He sometimes uses not quite the right word and his grammar is unpolished. Yet his points are clear and well-aimed. He is extremely perceptive and works hard at being so. It would be tempting to describe him as street smart, a cliche that fits nicely with the broader cliches about athletes, and particularly the cliches about black athletes.

Easley is not from the streets, however. His father was a brick mason, his mother a disciplinarian.

He is not street smart. He is simply smart, and too smart not to know that much of his image problem is his own creation. In this sense, at least, he is right in saying that what people see on the football field is illusion. At 6-foot-1, 192 pounds, Easley is well-made, but not huge.

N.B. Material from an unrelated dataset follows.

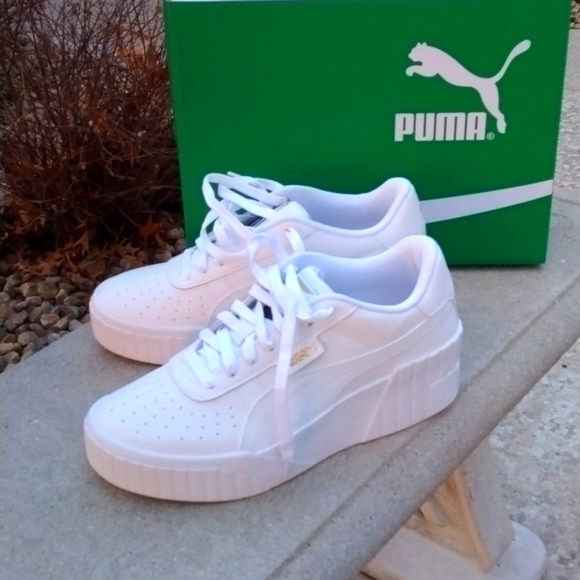 NWT Puma Cali Wedge Sneaker - Women's size 9 - Picture 2 of 13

“People, when they see me out of uniform, say: `You can’t be Kenny Easley. He’s 6-foot-4, 220, and Kenny Easley doesn’t smile, he growls.’ The uniform adds some size, but it’s the image, the way I play, that adds more,” he says.

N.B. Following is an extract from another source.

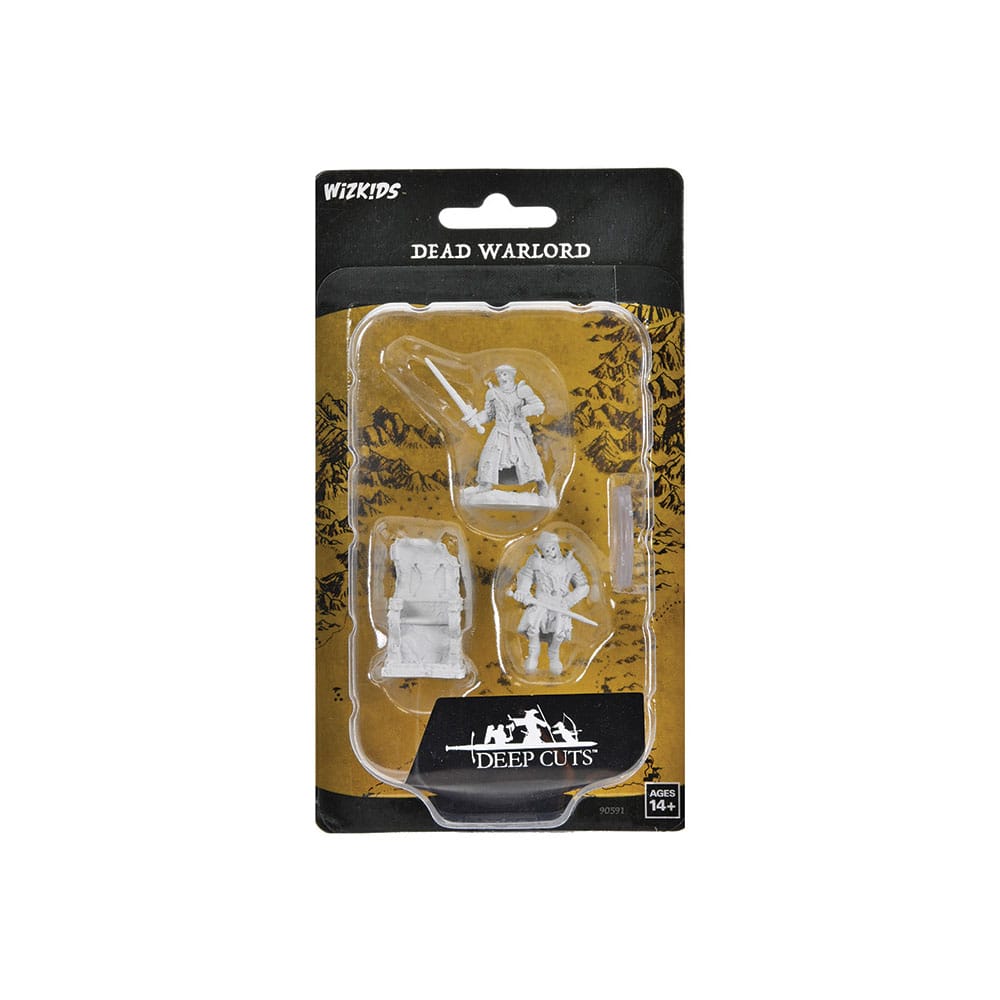 WizKids Deep Cuts Miniatures Miniaturen unbemalt 2er-Pack Dead Warlord - Smalltinytoystore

Indeed. It was Easley, after all, who once was quoted in a Seahawk highlight film as saying, “Let’s face it, I’m vicious.” And it was Easley who set off a whole wave of MTV-style football posters by posing in black leather as Kenny Easley, “The Enforcer.” He acknowledges this and in fact uses his celebrity for access.

At business meetings, the small talk tends to be about football, about the team’s prospects and certain players.

“How about this Tony Woods?” a shopping-center executive asks, wanting to know if the rookie linebacker will make it.

“Well,” says Easley, “we’ll find out when we lay a little wood on him. Find out how fast he gets up.”

“Or if he gets up?” the man asks, looking for a little peek at the game’s dark side.

Easley obliges: “Well, if he doesn’t, we’ll just roll him off the field.”

He would have you separate all of this. That’s not me out there on the football field, he says. It’s not real. That’s football. That’s a game and I’m a player in it. Don’t confuse it with life.

Those who do confuse it with life hold what might be called the Eton theory of athletics. The battle of Waterloo, said Arthur Wellesley, the First Duke of Wellington, was won on the playing fields of Eton.

Bull, Easley says. What was won on the fields of Eton was a cricket match. It doesn’t go beyond that.

The Duke, however, has engendered an army of followers for his life-imitates-sport position, and Easley’s protests are trampled in the army’s march. Coaches echo the Eton line when they tell their charges what wonderful character they are building with the 25th one-handed push-up. Popular movies like “Hoosiers” and “Chariots of Fire” project sporting values beyond the arena. Children’s literature overflows with the same notions. The Duke’s minions would have you believe the values for success in sport are identical with the values for success in life: teamwork, hard work, dedication, gallantry, performance under pressure and self-denial, to name just a few.

They would have you believe it and you do, says Harry Edwards.

“Sport is used to reaffirm the blueprint for success,” Edwards says. “Athletic performance is seen as an indication of clean living, belief in God, physical fitness, mental alertness and good character. We take these to be assumptions of good athletic performance. The adulation heaped upon athletes is in part because of the presumptions, the presumption of perfection.

“Sport is used to project those ideals.”

Easley does not have choice. He will be held up for inspection on and off the field, according to Edwards. He must be a role model.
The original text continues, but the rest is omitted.